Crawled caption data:
┄┄┄┄┄┄┄┄┄┄┄┄┄┄┄┄┄┄┄┄

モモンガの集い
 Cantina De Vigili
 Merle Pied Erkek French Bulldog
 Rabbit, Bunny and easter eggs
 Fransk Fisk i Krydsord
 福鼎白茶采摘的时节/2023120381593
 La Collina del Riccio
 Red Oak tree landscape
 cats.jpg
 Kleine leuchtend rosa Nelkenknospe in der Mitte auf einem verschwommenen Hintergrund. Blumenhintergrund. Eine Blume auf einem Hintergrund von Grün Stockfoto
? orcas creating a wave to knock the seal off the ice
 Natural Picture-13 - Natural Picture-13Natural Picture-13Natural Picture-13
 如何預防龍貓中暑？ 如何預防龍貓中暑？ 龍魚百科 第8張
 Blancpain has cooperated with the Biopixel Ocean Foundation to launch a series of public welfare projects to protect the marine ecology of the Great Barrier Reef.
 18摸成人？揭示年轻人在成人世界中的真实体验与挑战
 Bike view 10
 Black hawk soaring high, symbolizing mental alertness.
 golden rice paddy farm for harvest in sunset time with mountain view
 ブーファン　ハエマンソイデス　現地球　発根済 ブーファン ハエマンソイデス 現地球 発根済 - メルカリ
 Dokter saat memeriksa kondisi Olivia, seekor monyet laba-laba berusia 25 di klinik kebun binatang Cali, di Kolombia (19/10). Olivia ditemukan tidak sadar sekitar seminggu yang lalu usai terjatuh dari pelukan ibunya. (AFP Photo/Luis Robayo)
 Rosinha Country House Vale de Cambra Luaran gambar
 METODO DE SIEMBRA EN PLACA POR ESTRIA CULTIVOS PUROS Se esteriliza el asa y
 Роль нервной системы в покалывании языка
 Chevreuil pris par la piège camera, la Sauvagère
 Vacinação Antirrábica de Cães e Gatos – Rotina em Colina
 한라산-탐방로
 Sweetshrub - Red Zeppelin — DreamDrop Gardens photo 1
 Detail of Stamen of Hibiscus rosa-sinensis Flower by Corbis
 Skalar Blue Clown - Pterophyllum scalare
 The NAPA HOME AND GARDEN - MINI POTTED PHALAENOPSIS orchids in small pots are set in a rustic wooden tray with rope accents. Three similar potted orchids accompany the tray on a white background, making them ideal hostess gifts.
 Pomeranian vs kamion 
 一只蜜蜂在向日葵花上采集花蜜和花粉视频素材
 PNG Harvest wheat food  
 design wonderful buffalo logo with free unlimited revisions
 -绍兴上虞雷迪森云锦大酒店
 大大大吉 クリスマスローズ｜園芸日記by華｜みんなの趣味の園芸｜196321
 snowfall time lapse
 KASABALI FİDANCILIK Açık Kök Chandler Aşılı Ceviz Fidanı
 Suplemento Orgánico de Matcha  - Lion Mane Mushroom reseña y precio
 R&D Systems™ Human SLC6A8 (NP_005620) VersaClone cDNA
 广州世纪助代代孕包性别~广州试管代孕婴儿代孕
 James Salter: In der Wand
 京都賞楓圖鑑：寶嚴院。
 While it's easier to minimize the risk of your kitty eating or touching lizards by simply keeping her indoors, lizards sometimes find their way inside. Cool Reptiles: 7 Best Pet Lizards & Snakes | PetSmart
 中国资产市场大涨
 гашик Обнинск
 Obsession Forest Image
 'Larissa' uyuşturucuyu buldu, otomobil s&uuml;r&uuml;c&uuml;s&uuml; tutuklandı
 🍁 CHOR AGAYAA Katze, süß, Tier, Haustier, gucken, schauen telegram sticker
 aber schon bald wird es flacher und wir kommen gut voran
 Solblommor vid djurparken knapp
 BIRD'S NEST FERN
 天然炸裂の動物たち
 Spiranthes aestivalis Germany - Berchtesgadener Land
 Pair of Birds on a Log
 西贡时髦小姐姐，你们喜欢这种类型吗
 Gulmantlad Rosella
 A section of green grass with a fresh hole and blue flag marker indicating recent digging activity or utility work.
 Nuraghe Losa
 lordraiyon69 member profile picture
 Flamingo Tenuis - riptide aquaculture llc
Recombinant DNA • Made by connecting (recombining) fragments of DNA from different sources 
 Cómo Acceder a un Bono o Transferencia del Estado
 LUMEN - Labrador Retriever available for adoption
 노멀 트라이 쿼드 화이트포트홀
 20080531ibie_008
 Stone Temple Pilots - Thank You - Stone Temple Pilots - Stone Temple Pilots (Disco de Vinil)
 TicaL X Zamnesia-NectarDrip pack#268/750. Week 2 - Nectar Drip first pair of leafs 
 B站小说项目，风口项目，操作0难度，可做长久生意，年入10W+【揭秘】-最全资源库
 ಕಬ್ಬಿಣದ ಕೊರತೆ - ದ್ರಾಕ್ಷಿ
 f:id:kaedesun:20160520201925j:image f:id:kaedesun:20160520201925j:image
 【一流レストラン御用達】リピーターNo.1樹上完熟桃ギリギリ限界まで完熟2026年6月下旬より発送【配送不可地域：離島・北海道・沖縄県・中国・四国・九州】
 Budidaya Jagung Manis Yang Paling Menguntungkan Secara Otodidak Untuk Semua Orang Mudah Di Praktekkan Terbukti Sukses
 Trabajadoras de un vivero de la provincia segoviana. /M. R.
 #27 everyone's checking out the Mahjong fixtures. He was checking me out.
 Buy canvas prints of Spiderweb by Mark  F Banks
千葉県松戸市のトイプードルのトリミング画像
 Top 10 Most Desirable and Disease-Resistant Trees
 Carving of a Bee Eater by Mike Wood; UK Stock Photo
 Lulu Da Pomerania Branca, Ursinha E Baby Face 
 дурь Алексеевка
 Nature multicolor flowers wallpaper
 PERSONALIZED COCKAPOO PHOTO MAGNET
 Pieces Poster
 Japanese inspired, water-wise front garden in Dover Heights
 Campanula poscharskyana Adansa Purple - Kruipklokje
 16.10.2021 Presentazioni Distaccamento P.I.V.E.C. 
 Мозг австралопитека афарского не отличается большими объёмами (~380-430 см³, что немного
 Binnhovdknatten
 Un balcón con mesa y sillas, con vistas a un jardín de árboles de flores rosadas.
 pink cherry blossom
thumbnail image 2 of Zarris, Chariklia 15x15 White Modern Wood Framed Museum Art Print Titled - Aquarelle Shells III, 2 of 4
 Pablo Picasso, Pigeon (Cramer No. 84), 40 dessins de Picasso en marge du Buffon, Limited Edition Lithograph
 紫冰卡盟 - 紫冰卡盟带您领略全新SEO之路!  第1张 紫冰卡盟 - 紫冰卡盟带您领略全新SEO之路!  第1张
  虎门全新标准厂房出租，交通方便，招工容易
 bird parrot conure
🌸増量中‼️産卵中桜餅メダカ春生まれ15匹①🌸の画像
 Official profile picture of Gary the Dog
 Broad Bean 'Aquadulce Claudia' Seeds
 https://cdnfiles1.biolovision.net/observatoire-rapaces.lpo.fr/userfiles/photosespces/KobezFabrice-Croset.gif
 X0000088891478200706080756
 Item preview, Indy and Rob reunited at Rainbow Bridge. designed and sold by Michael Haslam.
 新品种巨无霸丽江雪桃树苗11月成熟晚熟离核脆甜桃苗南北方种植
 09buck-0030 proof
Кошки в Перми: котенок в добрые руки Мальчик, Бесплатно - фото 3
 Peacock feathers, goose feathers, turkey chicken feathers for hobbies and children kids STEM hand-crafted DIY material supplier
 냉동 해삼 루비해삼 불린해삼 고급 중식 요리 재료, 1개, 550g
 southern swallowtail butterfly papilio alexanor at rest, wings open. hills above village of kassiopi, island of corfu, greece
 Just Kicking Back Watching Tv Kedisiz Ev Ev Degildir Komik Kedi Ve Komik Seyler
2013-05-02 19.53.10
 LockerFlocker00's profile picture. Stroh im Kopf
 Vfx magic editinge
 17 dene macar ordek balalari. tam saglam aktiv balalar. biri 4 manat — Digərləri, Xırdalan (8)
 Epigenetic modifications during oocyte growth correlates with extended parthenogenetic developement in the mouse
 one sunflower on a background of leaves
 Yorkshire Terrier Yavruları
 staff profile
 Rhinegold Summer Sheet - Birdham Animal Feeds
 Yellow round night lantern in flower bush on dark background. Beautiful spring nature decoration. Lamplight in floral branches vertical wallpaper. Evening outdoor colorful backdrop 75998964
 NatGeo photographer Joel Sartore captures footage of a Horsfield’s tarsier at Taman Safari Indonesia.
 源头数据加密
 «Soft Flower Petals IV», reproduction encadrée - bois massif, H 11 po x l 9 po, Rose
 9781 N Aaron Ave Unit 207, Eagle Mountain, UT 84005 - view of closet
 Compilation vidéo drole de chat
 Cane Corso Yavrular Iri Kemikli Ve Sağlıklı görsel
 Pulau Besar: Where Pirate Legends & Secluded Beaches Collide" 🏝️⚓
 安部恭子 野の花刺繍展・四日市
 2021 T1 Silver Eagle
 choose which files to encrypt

┄┄┄┄┄┄┄┄┄┄┄┄┄┄┄┄┄┄┄┄

* _DIRECTIONS FOR THIS TASK_
Print exactly the lines above, between the one holding "20080531ibie_008" and the one holding "Кошки в Перми: котенок", inclusive, and nothing besides.

* _ANSWER BOX_
 20080531ibie_008
 Stone Temple Pilots - Thank You - Stone Temple Pilots - Stone Temple Pilots (Disco de Vinil)
 TicaL X Zamnesia-NectarDrip pack#268/750. Week 2 - Nectar Drip first pair of leafs 
 B站小说项目，风口项目，操作0难度，可做长久生意，年入10W+【揭秘】-最全资源库
 ಕಬ್ಬಿಣದ ಕೊರತೆ - ದ್ರಾಕ್ಷಿ
 f:id:kaedesun:20160520201925j:image f:id:kaedesun:20160520201925j:image
 【一流レストラン御用達】リピーターNo.1樹上完熟桃ギリギリ限界まで完熟2026年6月下旬より発送【配送不可地域：離島・北海道・沖縄県・中国・四国・九州】
 Budidaya Jagung Manis Yang Paling Menguntungkan Secara Otodidak Untuk Semua Orang Mudah Di Praktekkan Terbukti Sukses
 Trabajadoras de un vivero de la provincia segoviana. /M. R.
 #27 everyone's checking out the Mahjong fixtures. He was checking me out.
 Buy canvas prints of Spiderweb by Mark  F Banks
千葉県松戸市のトイプードルのトリミング画像
 Top 10 Most Desirable and Disease-Resistant Trees
 Carving of a Bee Eater by Mike Wood; UK Stock Photo
 Lulu Da Pomerania Branca, Ursinha E Baby Face 
 дурь Алексеевка
 Nature multicolor flowers wallpaper
 PERSONALIZED COCKAPOO PHOTO MAGNET
 Pieces Poster
 Japanese inspired, water-wise front garden in Dover Heights
 Campanula poscharskyana Adansa Purple - Kruipklokje
 16.10.2021 Presentazioni Distaccamento P.I.V.E.C. 
 Мозг австралопитека афарского не отличается большими объёмами (~380-430 см³, что немного
 Binnhovdknatten
 Un balcón con mesa y sillas, con vistas a un jardín de árboles de flores rosadas.
 pink cherry blossom
thumbnail image 2 of Zarris, Chariklia 15x15 White Modern Wood Framed Museum Art Print Titled - Aquarelle Shells III, 2 of 4
 Pablo Picasso, Pigeon (Cramer No. 84), 40 dessins de Picasso en marge du Buffon, Limited Edition Lithograph
 紫冰卡盟 - 紫冰卡盟带您领略全新SEO之路!  第1张 紫冰卡盟 - 紫冰卡盟带您领略全新SEO之路!  第1张
  虎门全新标准厂房出租，交通方便，招工容易
 bird parrot conure
🌸増量中‼️産卵中桜餅メダカ春生まれ15匹①🌸の画像
 Official profile picture of Gary the Dog
 Broad Bean 'Aquadulce Claudia' Seeds
 https://cdnfiles1.biolovision.net/observatoire-rapaces.lpo.fr/userfiles/photosespces/KobezFabrice-Croset.gif
 X0000088891478200706080756
 Item preview, Indy and Rob reunited at Rainbow Bridge. designed and sold by Michael Haslam.
 新品种巨无霸丽江雪桃树苗11月成熟晚熟离核脆甜桃苗南北方种植
 09buck-0030 proof
Кошки в Перми: котенок в добрые руки Мальчик, Бесплатно - фото 3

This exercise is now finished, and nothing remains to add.